Through the establishment of an impactful public information outfit of ‘Open Forum onAgricultural Biotechnology,’ OFAB, the agency has achieved a higher level of public awareness on especially agricultural biotechnology across the country.

As a thoroughbred professional, Professor Ogbadu has not been limited to representing the Honourable Minister of Science and Technology at various fora at which she has given good account of her professional acumen, as she has also at several occasions ably represented Nigeria at various fora outside the shores of the country on biotechnology, with a view to positioning Nigeria to participate fully in modern biotechnology.
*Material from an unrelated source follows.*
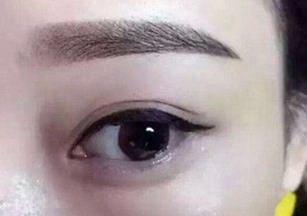 我眉间有一条竖纹想去除_打了眉间除皱针什么时候有效果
Following her very credible and well-documented outings at international fora, as well as her antecedents, as a mark of recognition for Nigeria, Africa and the erudite professor herself, the board of governors of the International Centre for Genetic Engineering and Biotechnology unanimously elected Professor Lucy Ogbadu as its Vice President.

Ogakwu is the president, Civil Society Groups for Good Governance.